After leaving the Isle of Wight via an alternate ferry from East Cowes to Southampton, we made fairly easy progress towards Bath via Stonehenge.
Travel on a budget certainly means making a few sacrifices, and the cheat’s version of Stonehenge was one of them – aka Stonehenge-through-the-fence. It was still cool to see it in person, though we’ll have to wiki some more of the facts and history given we didn’t get the audio tour! The commercialisation of some of these places is often surprising, when the images we have in mind include not a soul, barrier or signpost in them, yet the real thing is smack next to a roadway and surrounded by a path full of disinterested children. Still, a pretty fascinating place.
Unfortunately, Bath would be somewhat bad luck for us. En route the tiniest of tiny stones caused a big crack on the driver’s side of Cee-apostrophe-d’s windscreen. A huge bugger given it means an insurance claim, and we spent a bit of time in Bath and Bristol trying to get it replaced before we carried on. It seems Hertz have a fair amount of bureaucracy to prevent customers making their job easier, and their approval was going to take too long.
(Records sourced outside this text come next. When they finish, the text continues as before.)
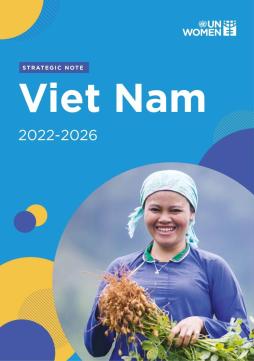 Brochure: Strategic note 2022–2026: Viet Nam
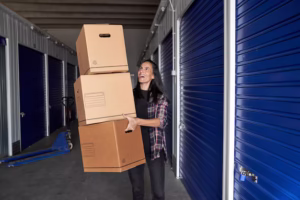 Self storage aman
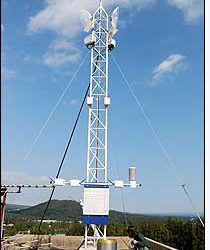 RFID Enables Korean Meteorological Administration to Keep an Eye on Weather
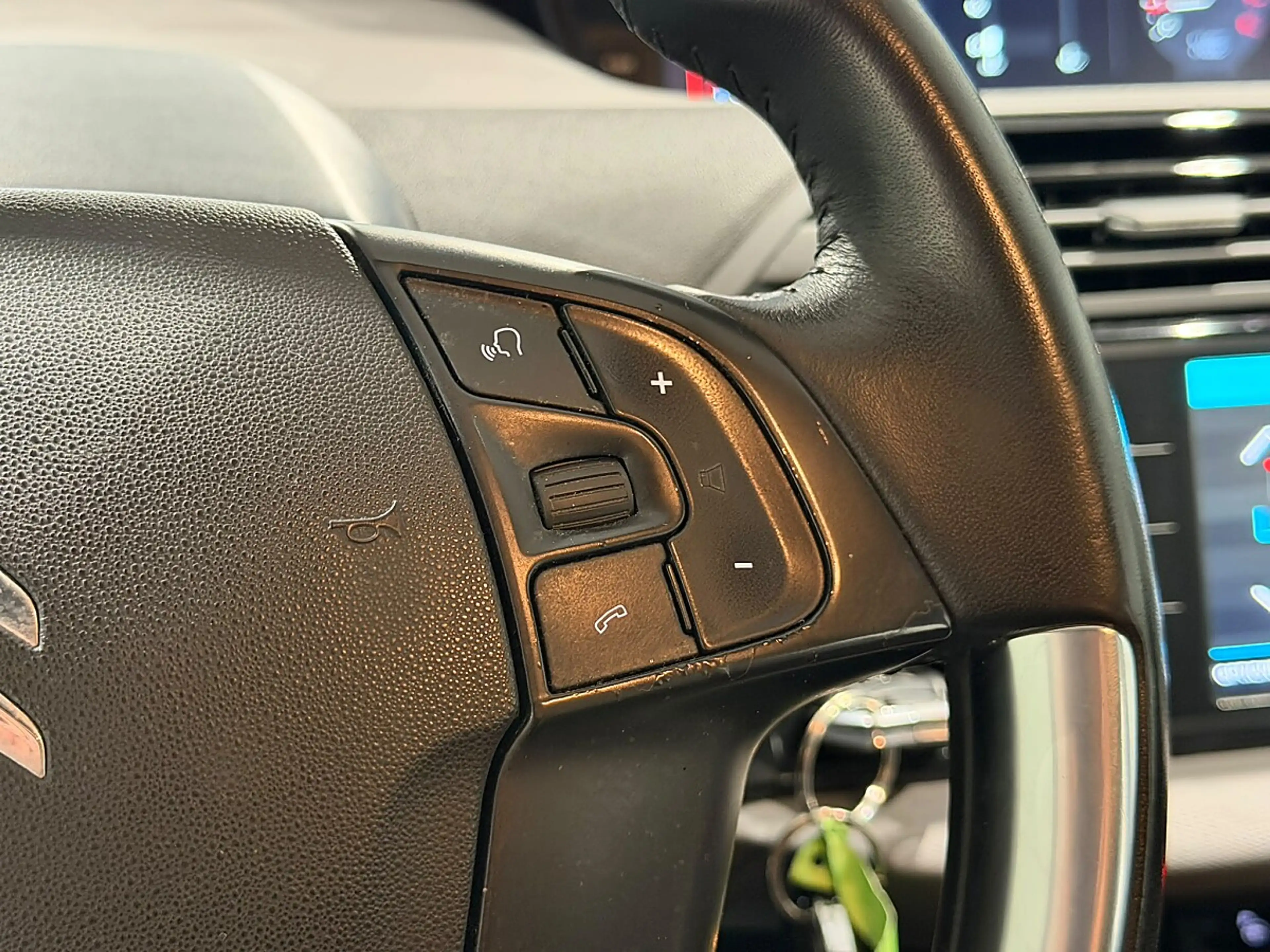 Citroen C4 SpaceTourer C4 Spacetourer PureTech 130 S&S 6-Gang Feel Edi... — photo 12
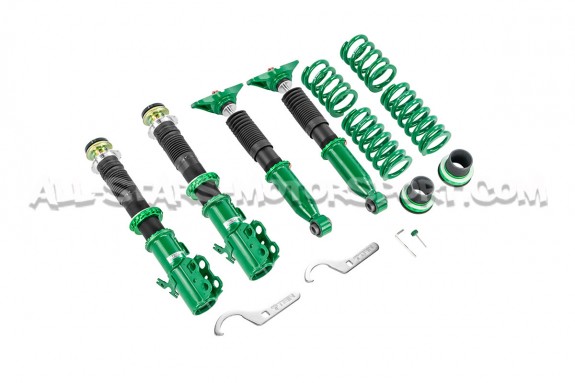 Combinés filetés Tein Flex Z / Mono Racing pour Toyota Yaris GR Gen.2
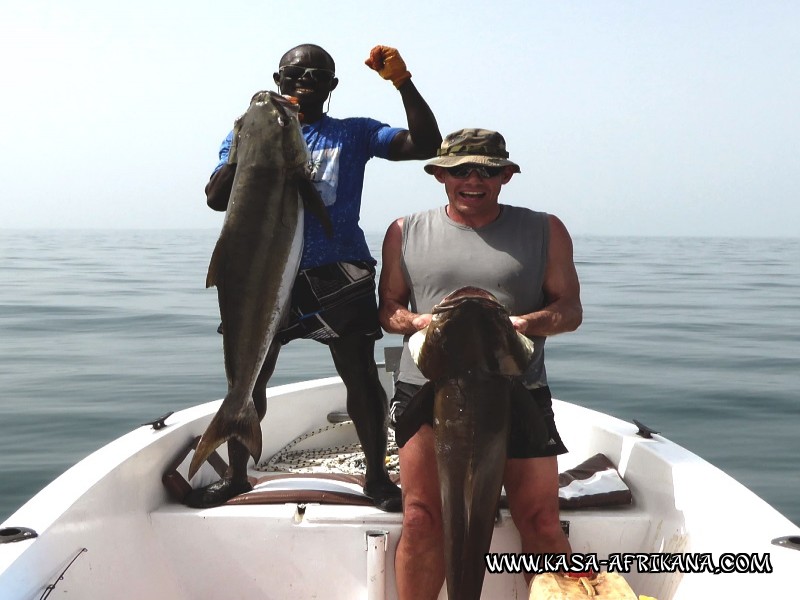 Photos Bijagos Island, Guinea Bissau : Our best catches - 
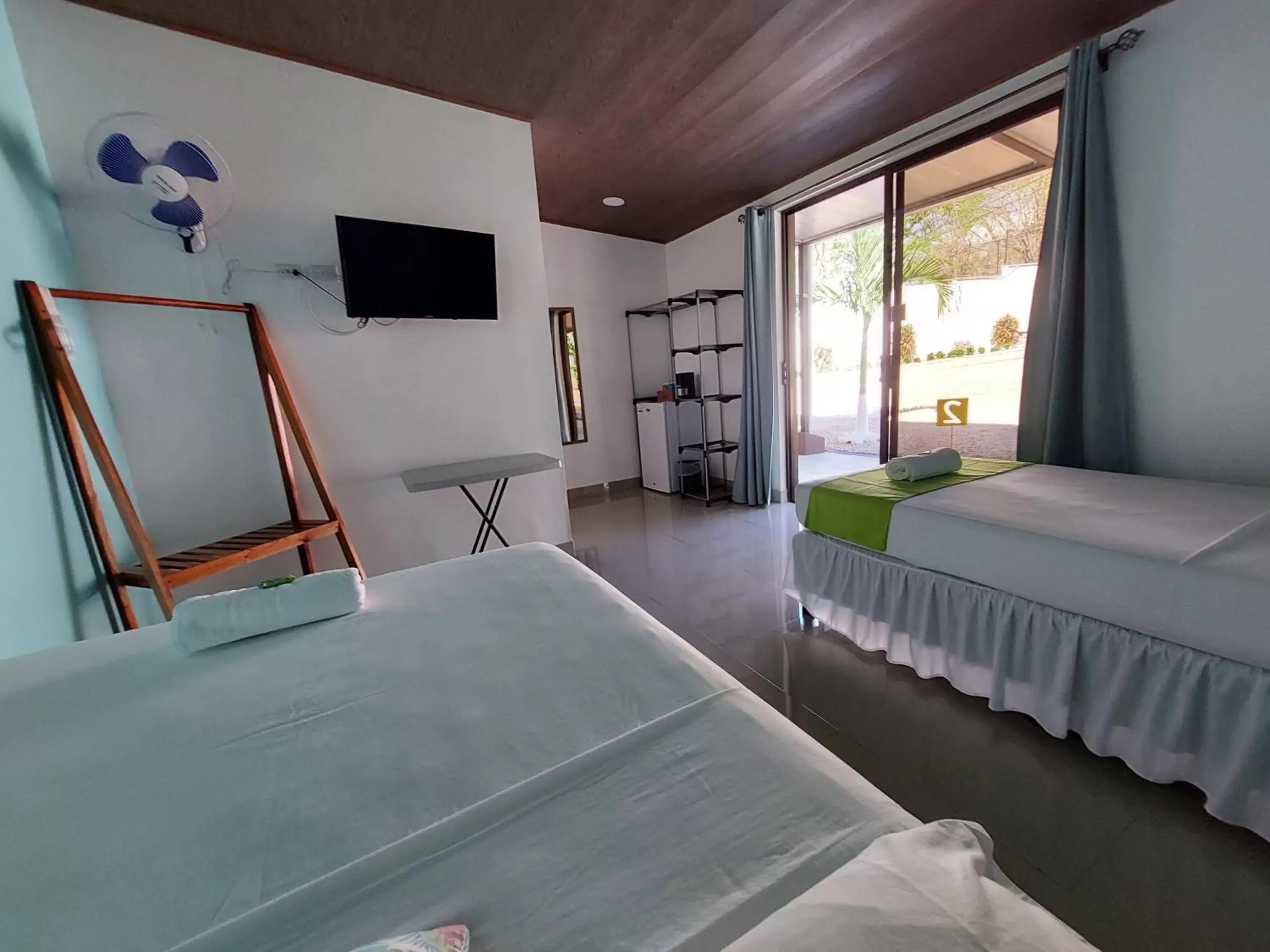 Bedroom, Bed in Hotel Casa Carlota Tamarindo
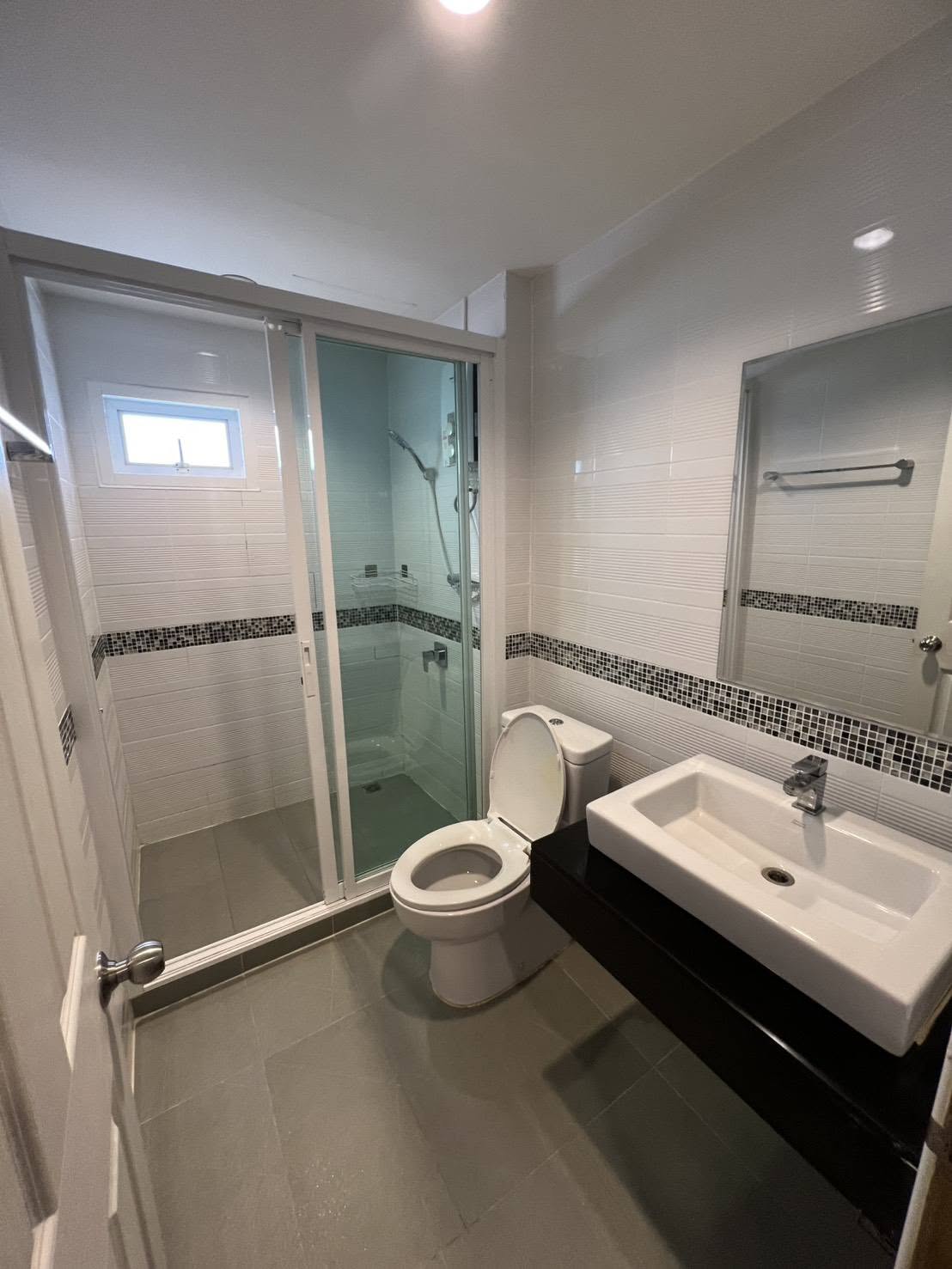 Furnished 33 sqm condo for rent at The View Condo Phuket – รูปที่ 6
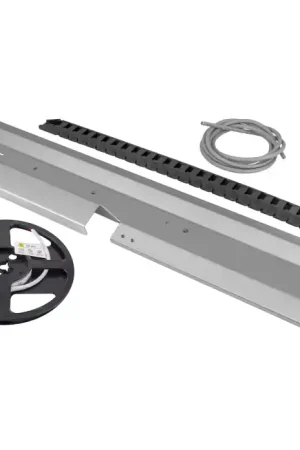 Favoriet GL.LIGHT SA LED verlichting voor SPARTACUS 200 SA handmatige verkeerspaal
The helpful team at National Windscreens assured us it was fine to leave until we drop it back, and that with the state of their roads it could just happen again! So the crack stays…
Our accommodation in Bath was a hard to find Travelodge with no parking – something we will be more careful of when choosing future places, especially after the whopping parking ticket we got and the cost of city parking spots. Another mark on the stupidity/bad luck board, which we’re intent to end at that!
Bath itself was fab. Like much of the UK seems to be, it was hideously expensive, apart from the rare gem we found in a free walking tour. It was hosted by a lovely old lady who lead us around the streets, stopping at various points to narrate the history of the area and point out things we otherwise would have missed. The stories behind the springs that give Bath its name were quite neat, centered around the amazing Roman Baths in the middle of town. Cost would prohibit us going inside this time, but maybe on another visit.
Our guide enthusiastically told stories of Ralph Allen who came to Bath in the Georgian period. At 27, Ralph had taken over the postal office and made a fortune by using Bath (rather than London) as a postal hub, making the service more efficient. He spent his new fortune acquiring the land next to the town, which contained heaps of stone, and was able to build a bigger fortune by building Bath – with the help of the architects John Wood the Elder and John Wood the Younger. The Woods are responsible for architectural creations around the city including The Circus.
There was mention also of Jane Austen, who lived in Bath with her parents and based two of her novels there. We would later find her books for £2 each in Wales – perhaps I should be persuaded to pick up a few more of the classics?
Possibly most fascinating was the architecture and town hierarchy centuries ago. The street fronts of all the buildings are uniform and smart at instruction of the architect, but the individual builders who bought rights to sections of the buildings could do as they wished with the rest. The walking tour was just over two hours and was definitely the best use of our short time.